__EXCERPTED RECORDS__.
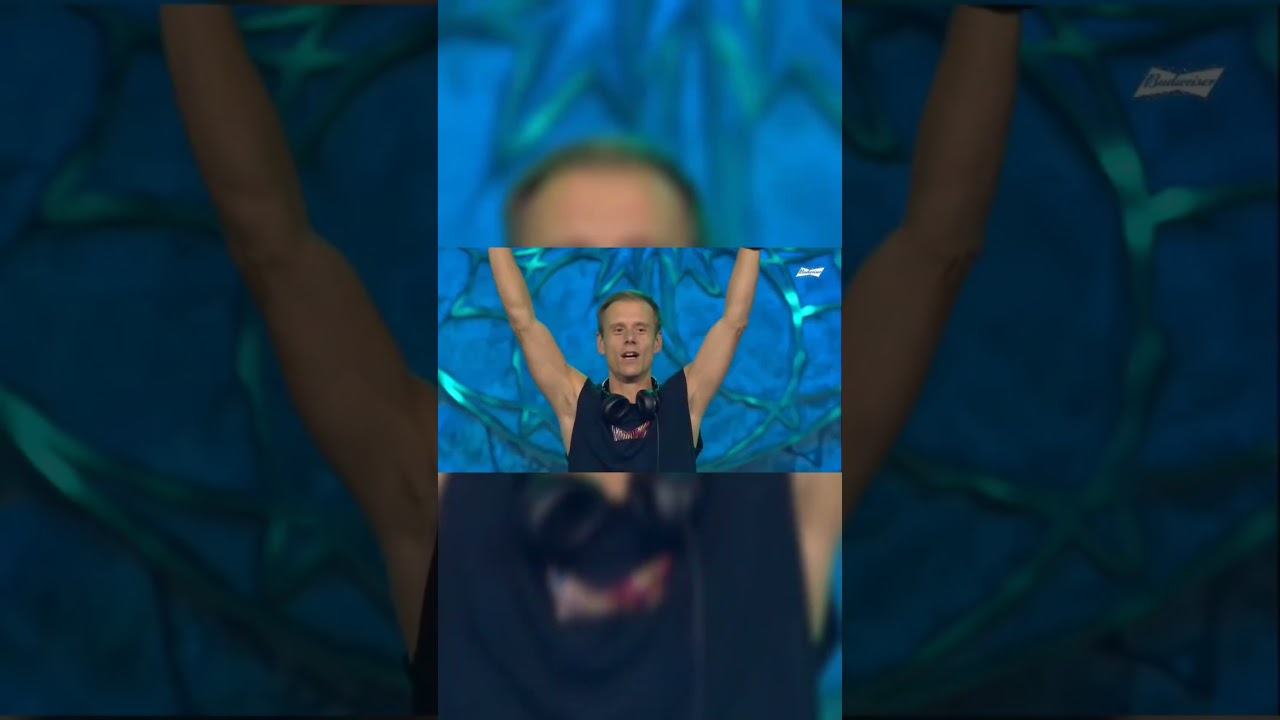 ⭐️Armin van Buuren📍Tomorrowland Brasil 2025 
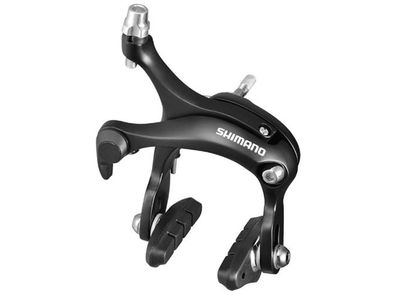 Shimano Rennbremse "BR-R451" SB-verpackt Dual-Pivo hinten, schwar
---
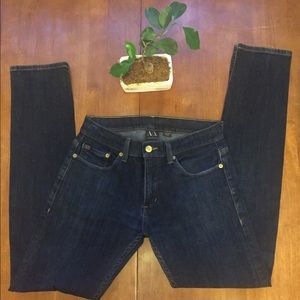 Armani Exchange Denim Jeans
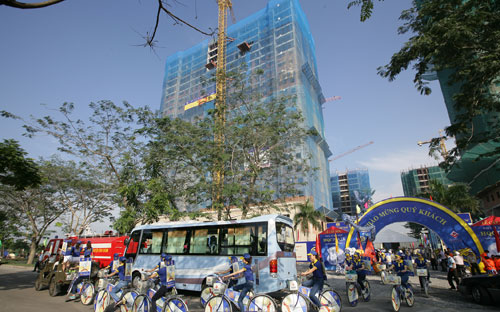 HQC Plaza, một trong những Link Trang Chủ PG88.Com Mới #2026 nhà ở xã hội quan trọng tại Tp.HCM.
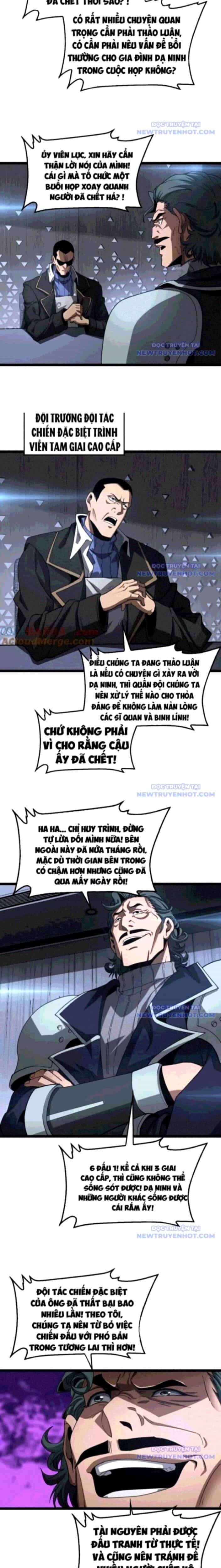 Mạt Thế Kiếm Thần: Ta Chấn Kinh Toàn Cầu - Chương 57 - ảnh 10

__WHAT THE TASK ASKS__.
The response must repeat exactly the lines above from the one with "Buuren📍Tomorrowland Brasil 2025" through the one with "Dual-Pivo hinten, schwar", including both, and must contain no pictures and no other text.

__WRITTEN RESPONSE__.
 ⭐️Armin van Buuren📍Tomorrowland Brasil 2025 
 Shimano Rennbremse "BR-R451" SB-verpackt Dual-Pivo hinten, schwar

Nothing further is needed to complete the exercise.